→ **Task directions**: Print exactly the line that contains "Mersin Mobilya Fuarı Kapılarını Açtı", then every following line through the end of the material; include nothing else and no pictures.

→ **Input data**:
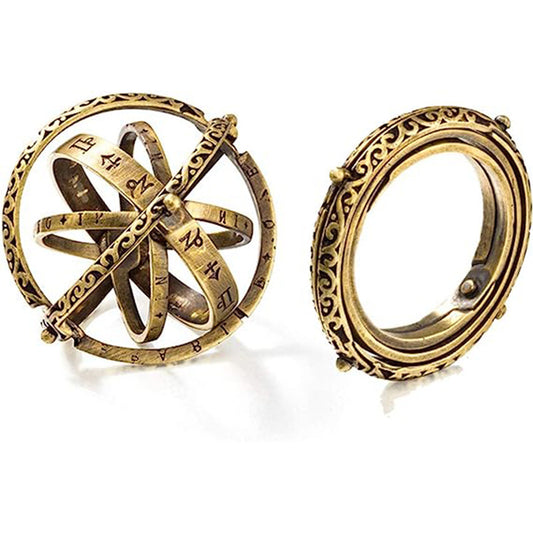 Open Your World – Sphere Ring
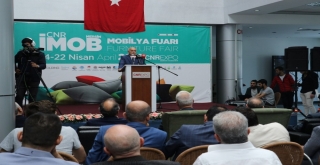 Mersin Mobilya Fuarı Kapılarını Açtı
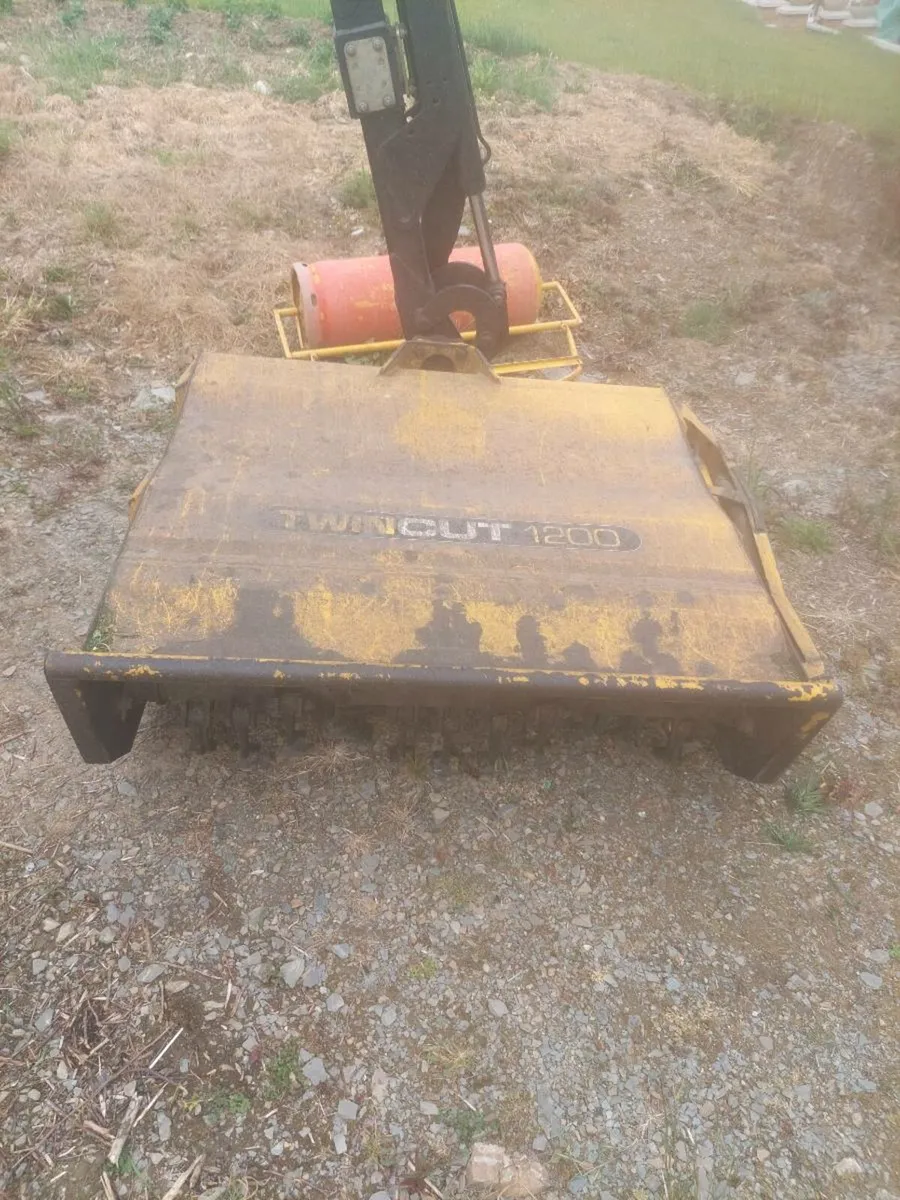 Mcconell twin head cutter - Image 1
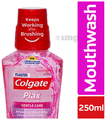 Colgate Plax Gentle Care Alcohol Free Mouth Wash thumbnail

→ **Solved problem**:
 Mersin Mobilya Fuarı Kapılarını Açtı
 Mcconell twin head cutter - Image 1
 Colgate Plax Gentle Care Alcohol Free Mouth Wash thumbnail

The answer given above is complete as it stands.